Its open for 20 Days.Also if you enter in 45nm category, you need to bench at 4GHz, the clock speed is set for each category.


----------



## axxo (Apr 2, 2008)

I think I can participate..but why the clock speed has been fixed?  and Super Pi supports win vista?? No 2d 3rd place for 3rd category why?


----------



## darklord (Apr 2, 2008)

1) Clock speed has been locked because people who have better cooling will manage to OC more and hence the level playing aspect is lost,making the competition unfair.

2)Super Pi works but its shaky in Vista from what i know.You need to disable audio for it to run without errors.I dont use vista so i dont know for sure.

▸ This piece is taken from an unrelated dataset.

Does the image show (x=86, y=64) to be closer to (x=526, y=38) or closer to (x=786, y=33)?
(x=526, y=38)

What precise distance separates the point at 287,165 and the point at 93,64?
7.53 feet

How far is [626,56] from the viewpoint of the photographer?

3) As for category C, well not all E2140/E2160 clock easily and achieving 3GHz stable for 8M to complete,is going to be tough.Also the competition targets 45nm and 65nm chips with 2MB+ cache as there is vast scope for improving the scores.No one really used E2xxx CPUs for Pi benching but that shouldnt dishearten our friends with E2xxx CPUs, hence the special category.


----------



## DigitalDude (Apr 2, 2008)

~Rahul~ said:


> WOW!!
> 
> But theres no way I can participate since I have a Pentium III.


hahahahaha 

I sold my P3 last year september and I thought I was the one having it longest for personal use 


_


----------



## axxo (Apr 2, 2008)

@darklord agree on ur clock speed lock that better coolers will yield better results. same will be applicable to other parts of hardware also..say I have single channel memory..and somw wouldve dual channel so obviously they would get max points in benchmark.. how abt asking ppl who have dual channel set to remove one module and run benchmark?


----------



## darklord (Apr 2, 2008)

axxo said:


> @darklord agree on ur clock speed lock that better coolers will yield better results. same will be applicable to other parts of hardware also..say I have single channel memory..and somw wouldve dual channel so obviously they would get max points in benchmark.. how abt asking ppl who have dual channel set to remove one module and run benchmark?

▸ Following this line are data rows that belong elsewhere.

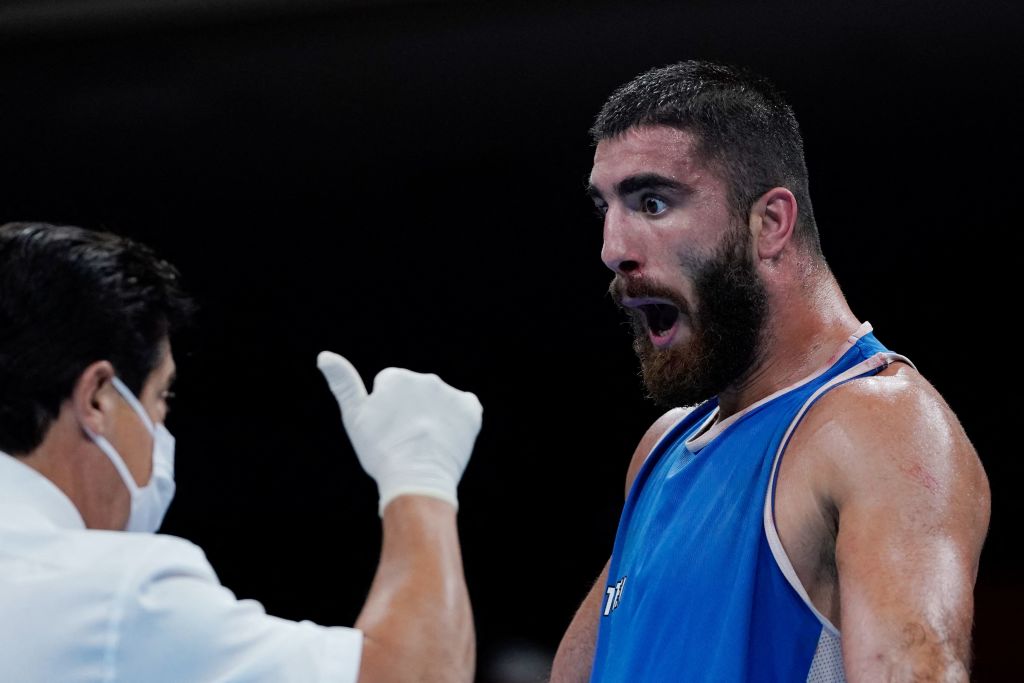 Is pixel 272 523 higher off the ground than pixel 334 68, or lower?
lower

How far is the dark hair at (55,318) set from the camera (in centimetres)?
129

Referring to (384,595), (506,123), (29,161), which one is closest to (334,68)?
(506,123)

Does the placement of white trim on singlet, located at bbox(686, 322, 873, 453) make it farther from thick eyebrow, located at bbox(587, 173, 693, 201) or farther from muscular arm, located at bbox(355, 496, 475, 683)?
muscular arm, located at bbox(355, 496, 475, 683)

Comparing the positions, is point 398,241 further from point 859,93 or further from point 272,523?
point 859,93

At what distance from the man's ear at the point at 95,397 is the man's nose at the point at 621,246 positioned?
2.49ft

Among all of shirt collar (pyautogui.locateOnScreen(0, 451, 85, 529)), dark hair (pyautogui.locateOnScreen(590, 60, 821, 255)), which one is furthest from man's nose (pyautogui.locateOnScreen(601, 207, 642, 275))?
shirt collar (pyautogui.locateOnScreen(0, 451, 85, 529))

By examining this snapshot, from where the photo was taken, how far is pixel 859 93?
3.92 meters

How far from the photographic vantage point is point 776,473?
1524mm

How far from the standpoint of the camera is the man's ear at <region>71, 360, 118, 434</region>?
4.31 ft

99% of the users these days are on Dual Channel.Also arranging another stick for benching purpose temporarily shouldnt be a problem for you,right ?


----------



## axxo (Apr 2, 2008)

darklord said:


> 99% of the users these days are on Dual Channel.Also arranging another stick for benching purpose temporarily shouldnt be a problem for you,right ?



 most budget and upgrade minded users wont go for dual channel initially.
getting another 2gb ddr2 will cost me 2000 bucks as same as cooler cost...


----------



## darklord (Apr 2, 2008)

how many people really use 4GB ?
Many go for 1GB x 2 AFAIK.


----------



## axxo (Apr 2, 2008)

darklord said:


> how many people really use 4GB ?
> Many go for 1GB x 2 AFAIK.



the classification is meaningful as you told in the first post..but there should not be any limitation in the components that one use under each category..as  one may have good memory subsytem other may have good chipset and further some may have better cooler..
you should consider the overall performance averaging out all the test results, value factor, performance,etc...that way it would prove more meaningful..


----------



## darklord (Apr 2, 2008)

> but there should not be any limitation in the components that one use under each category



Didnt get you there. There is no limitation.We have only capped the clock speed.Participants are allowed to use anything they want.
Also clasification is done on basis of fab process because 45nm perform better and give better results.If there is a single category then 45nm users will get unfair advantage and ones with 65nm will stand no chance.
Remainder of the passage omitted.